Analysis of the solution

filter = solution_genalg$evaluations == min(solution_genalg$evaluations)
bestObjectCount = sum(rep(1, solution_genalg$popSize)[filter])
if (bestObjectCount > 1) {
  bestSolution = solution_genalg$population[filter, ][1, 
  ]
} else {
  bestSolution = solution_genalg$population[filter, ]
}
bestSolution <- round(bestSolution)
fitnessGA <- 0
for (v in vars) {
  cv <- tapply(iris[,v],bestSolution,FUN=sd) / tapply(iris[,v],bestSolution,FUN=mean)
  cv <- ifelse(is.na(cv),maxvalue,cv)
  fitnessGA <- fitnessGA + sum(cv)
}
fitnessGA
#> [1] 1.857548
fitnessQGA
#> [1] 1.62336

Also considering the obtained stratification:

iris$stratum <- bestSolution
table(iris$Species, iris$stratum)
#>             
#>               1  2  3
#>   setosa      0 50  0
#>   versicolor 12  0 38
#>   virginica  38  0 12

the classic GA one is less in line with the “natural” one.

Conclusions

In this case, the Quantum GA is more efficient than the classical GA.
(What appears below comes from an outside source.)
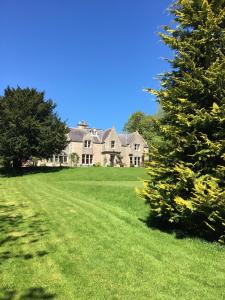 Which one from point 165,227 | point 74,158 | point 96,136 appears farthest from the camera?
point 96,136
In general, when the number of values that each element in the genome can assume is not high (in this case, there are only 3 different values), then a relative efficiency of the QGA is to be expected. When the number of these values is high, the classical GA tends to be more efficient.

This is because the QGA needs to define a number of qubits that is the integer ceiling value of log(n) (in our case n=3, so the number of qubits is 2). The length of the solution is given by the product of the length of the genome (in our case 150) by the number of qubits necessary for each element of the genome, so 150x2=300.

On the contrary, the classical GA can work directly on an integer representation of the values for each element of the genome, so the length of the solution does not increase.

When the n is high, the length of the solution treated by the QGA is much higher than that of the solution treated by the classical GA, so the latter can be more efficient than the former.